In the third quarter of 2025, top-grossing categories were beauty (VND17.7 trillion or $673.4 million), home and living (VND13.8 trillion or $525 million), and women's fashion (VND12.1 trillion or $460.4 million).
Shoppertainment became the “new industry benchmark”. Following TikTok's dominance, other platforms have adopted livestreaming and short-video selling. Brands are also expanding sales channels accordingly. Nina Live Hub, a vibrant livestream solution provider, now offers end-to-end services and has expanded into a full ecosystem with Nina Ecom Centre, covering creator training, creator network management, storefront operations, and revenue management across e-commerce platforms.
Effective July 1, 2025, e-commerce platforms are required to withhold VAT and personal income tax (PIT) on sales made through their sites. Platforms must collect 1 per cent VAT and 0.5 per cent PIT on revenue from goods sold by domestic individuals and household businesses.
This mechanism effectively turns platforms into tax collectors, formalising the income of thousands of micro-entrepreneurs and reducing the ability for sellers to operate informally. This also increases operational complexity and compliance costs from upgrading billing systems, seller classification, reporting and reconciliation.
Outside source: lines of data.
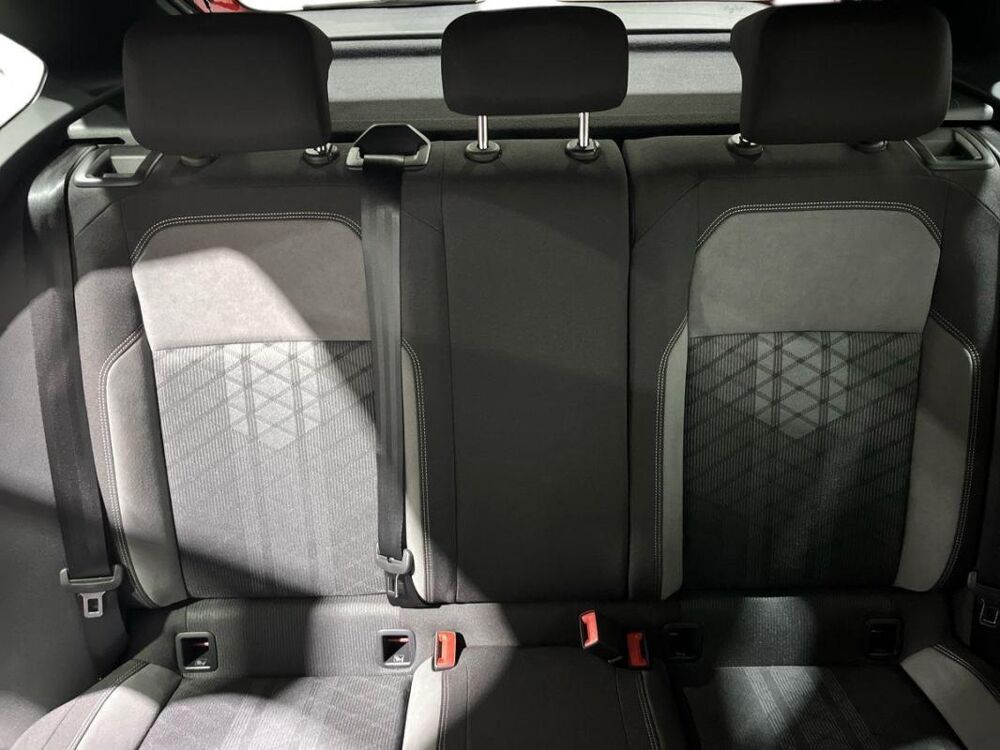 Taigo 1.5 TSI 150 DSG7 R-Line 2023 occasion 31100 Toulouse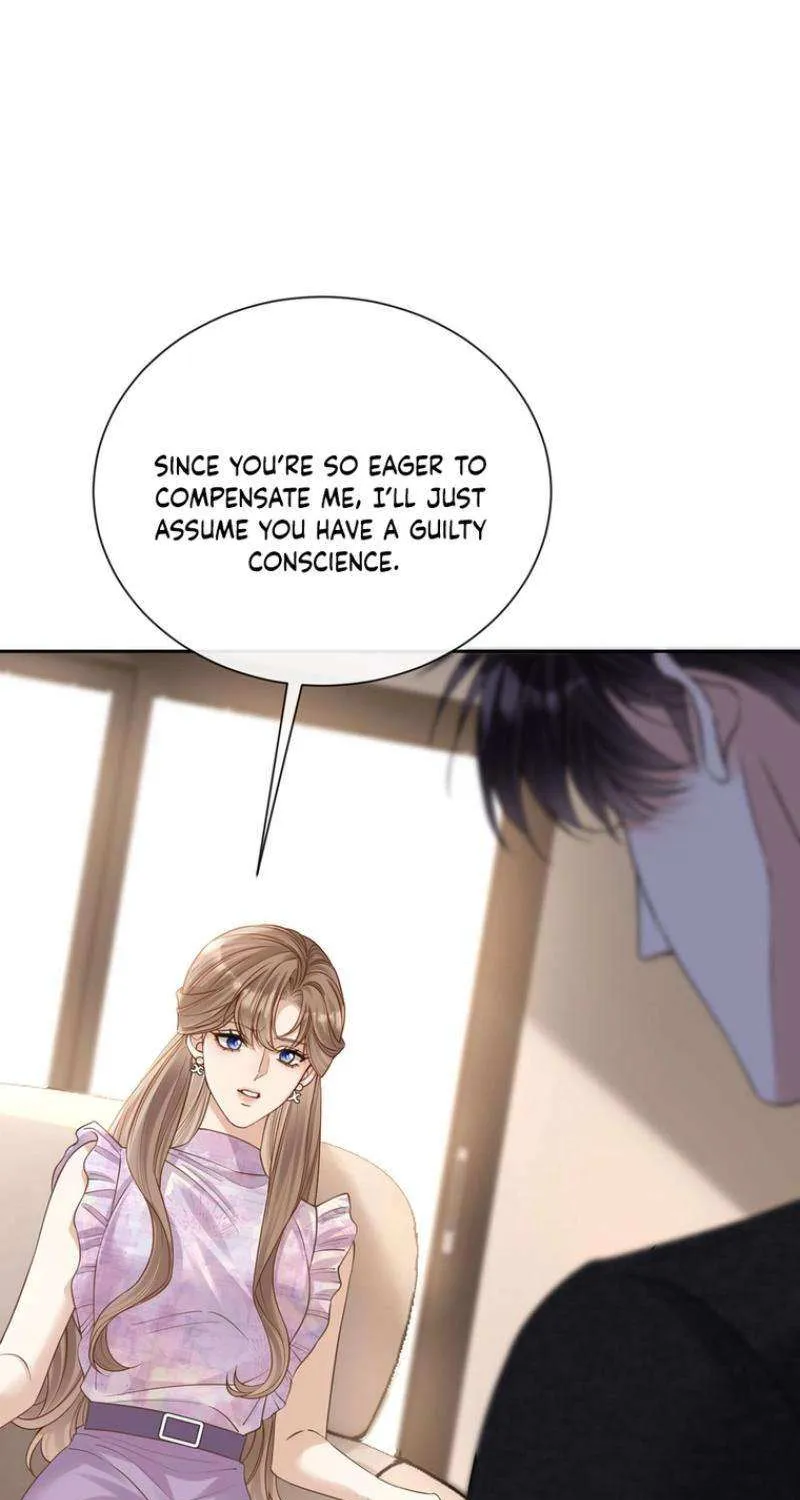 You Are My Thousands of Stars Chapter 10 page 9 - 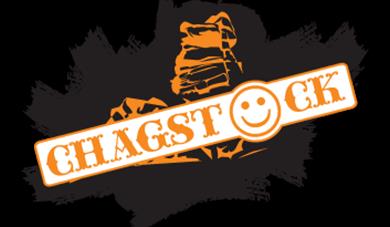 Chagstock Music Festival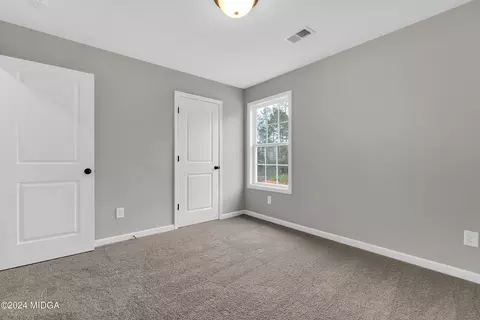 215 E River Cane Run, Perry, GA 31069 photo 50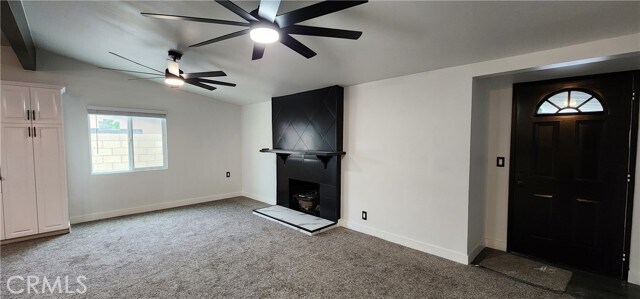 Foto del edificio - 1239 Oak St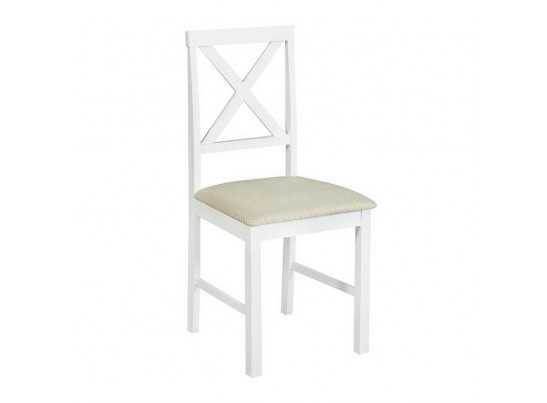 Обеденный комплект эконом Хадсон (стол + 4 стула)/ Hudson Dining Set Обеденный комплект эконом Хадсон (стол + 4 стула)/ Hudson Dining Set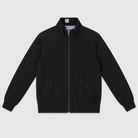 Giacca primavera - Bambino - 126 - 131 | 8 anni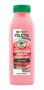Tercera imagen para búsqueda de shampoo garnier fructis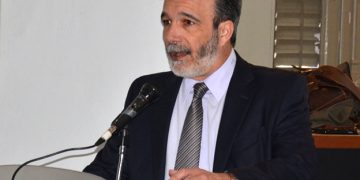 Piden a Epec más control para evitar electrificaciones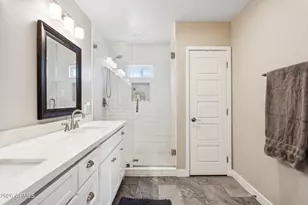 322 W Coronado Rd, Phoenix, AZ 85003 - Photo 59
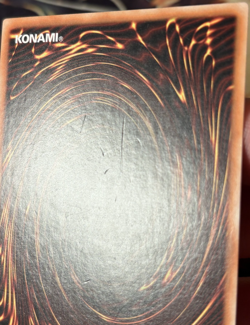 Yugioh: Foolish Burial Goods - MP17-EN218 - Secret Rare - 1st Edition - LP - Image 3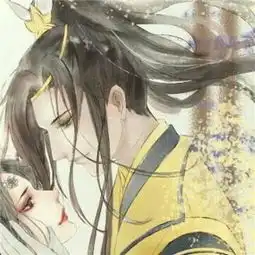 余生有你叶潼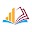 ion-k12.com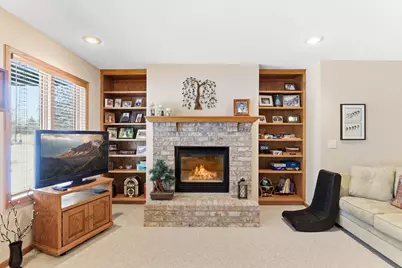 8813 Stonebrooke Court, Woodbury, MN 55125 - Photo 27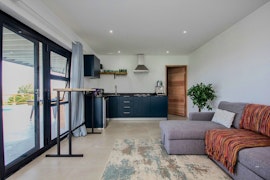 Knysna Accommodation at  | Viya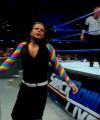 Smackdown05_8_2842.jpg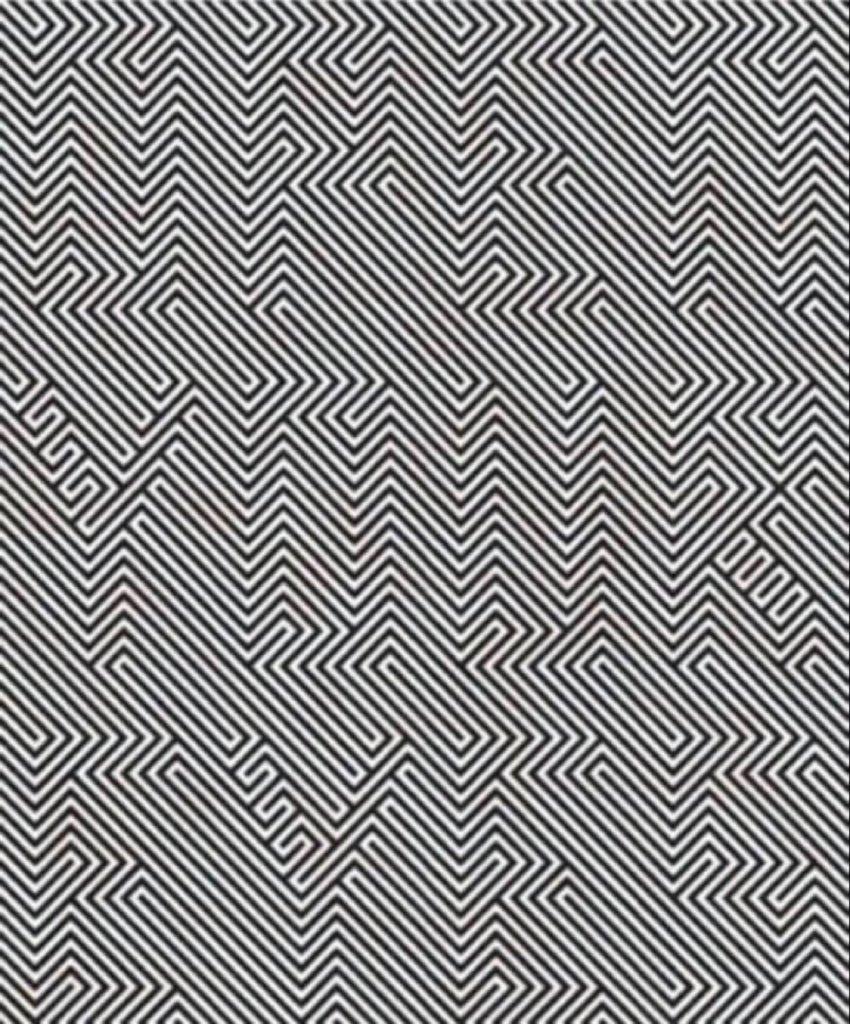 视力测试：你能读懂吗？请诚实作答！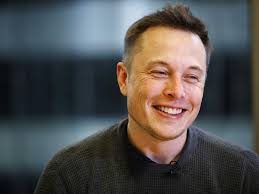 Für seine fans ist der chef des elektroautobauers tesla eine lebende legende. Elon Musk Schule War Reinste Folter Fur Seine Kinder Grundete Er Nun Eine Eigene Brutkasten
The report shows the rollout of new e-commerce regulations is expected to formalise the market and improve transparency, while increasing compliance burdens, especially for sellers operating through social commerce channels
Market success will increasingly depend on government and private-sector investment in e-commerce enablers and cross-border logistics, enabling small- and medium-sized enterprises to meet international quality and sustainability standards and scale Vietnam's digital export potential.
Larger platforms and well-capitalised direct-to-consumer brands are likely to use AI to boost productivity and reduce costs by 10-30 per cent, while smaller players that lag in AI adoption may struggle to remain competitive on cost and operational efficiency.